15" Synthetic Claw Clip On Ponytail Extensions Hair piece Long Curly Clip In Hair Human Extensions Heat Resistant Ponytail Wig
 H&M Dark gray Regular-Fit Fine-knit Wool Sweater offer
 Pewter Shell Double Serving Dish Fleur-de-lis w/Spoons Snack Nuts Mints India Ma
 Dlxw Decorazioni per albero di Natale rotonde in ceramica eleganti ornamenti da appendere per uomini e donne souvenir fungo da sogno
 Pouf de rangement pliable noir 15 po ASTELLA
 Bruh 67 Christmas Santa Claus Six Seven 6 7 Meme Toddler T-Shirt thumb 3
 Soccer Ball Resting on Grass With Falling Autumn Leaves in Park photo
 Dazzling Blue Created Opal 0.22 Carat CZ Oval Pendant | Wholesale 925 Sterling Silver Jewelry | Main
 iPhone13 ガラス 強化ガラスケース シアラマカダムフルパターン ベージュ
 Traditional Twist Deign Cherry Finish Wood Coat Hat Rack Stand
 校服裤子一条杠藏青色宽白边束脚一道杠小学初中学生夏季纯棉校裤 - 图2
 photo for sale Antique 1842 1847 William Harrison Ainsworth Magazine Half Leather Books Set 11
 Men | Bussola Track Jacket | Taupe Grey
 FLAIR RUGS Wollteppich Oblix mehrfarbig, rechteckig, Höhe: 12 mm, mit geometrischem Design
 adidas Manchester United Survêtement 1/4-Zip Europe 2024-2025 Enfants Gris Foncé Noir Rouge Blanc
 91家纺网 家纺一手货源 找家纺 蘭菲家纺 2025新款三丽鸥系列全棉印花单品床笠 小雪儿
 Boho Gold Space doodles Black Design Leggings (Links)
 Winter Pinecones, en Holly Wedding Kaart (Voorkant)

:::::

*WHAT TO DO:*
An exact copy of the lines from the one with "Boho Gold Space" through the final line of the entries is the whole answer.

*YOUR RESPONSE:*
 Boho Gold Space doodles Black Design Leggings (Links)
 Winter Pinecones, en Holly Wedding Kaart (Voorkant)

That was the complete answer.